The genetic variation in a body of sequence data can be summarized by the nucleotide variation within each sample, measured by the variant frequency, typically <1 per 1000bp, and the variation across samples at each variant nucleotide position, measured by the minor allele frequency (MAF) and can be categorized as common (MAF>=5%) and rare (MAF<5%) variants. Our challenge was to maximally detect sequence variations that occur at very low frequencies, with minimal number of false positives. Sequence Robust Multi-array Analysis (SRMA) is a statistical method that exploits the biological information in the high dimensional data using multi-level linear mixture models. Our algorithm substantially reduces the false discovery rate in existing algorithm by more than 10 fold, with a negligible false negative rate. We have identified novel and possibly pathological mutations in our pilot data. Our base-calling methods are applicable to other custom resequencing arrays. More broadly, they can provide guidance for experimental advances in DNA enrichment for resequencing, and improvements in array hybridization.

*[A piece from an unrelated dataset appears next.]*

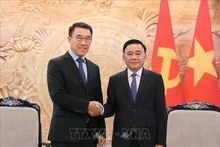 Tran Cam Tu, Permanent du Secrétariat du Comité central du Parti communiste du Vietnam (droite) et Bounleua Phandanouvong, président par intérim de la Commission des relations extérieures du Comité central du Parti populaire révolutionnaire lao. Photo : VNA.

This is joint work with Terry Speed.


Thursday, December 3rd

A shape-based approach to signal-noise deconvolution in transcription factor ChIP-Seq Data
Oleg Mayba
Department of Statistics, UC Berkeley

Chromatin immunoprecipitation followed by next-generation sequencing has become a popular assay for DNA-protein interactions. One of the popular areas of application has been to transcription factor binding site identification, with putative sites identified as 'peaks' or enriched regions along genome. Due to various biases in the data, most investigators use some kind of control to filter out false positive peaks. We discuss the biases in the data,some common types of control and their limitations and propose an approach that yields comparable results in absence of the control and can also be used as a post-control-filtering step.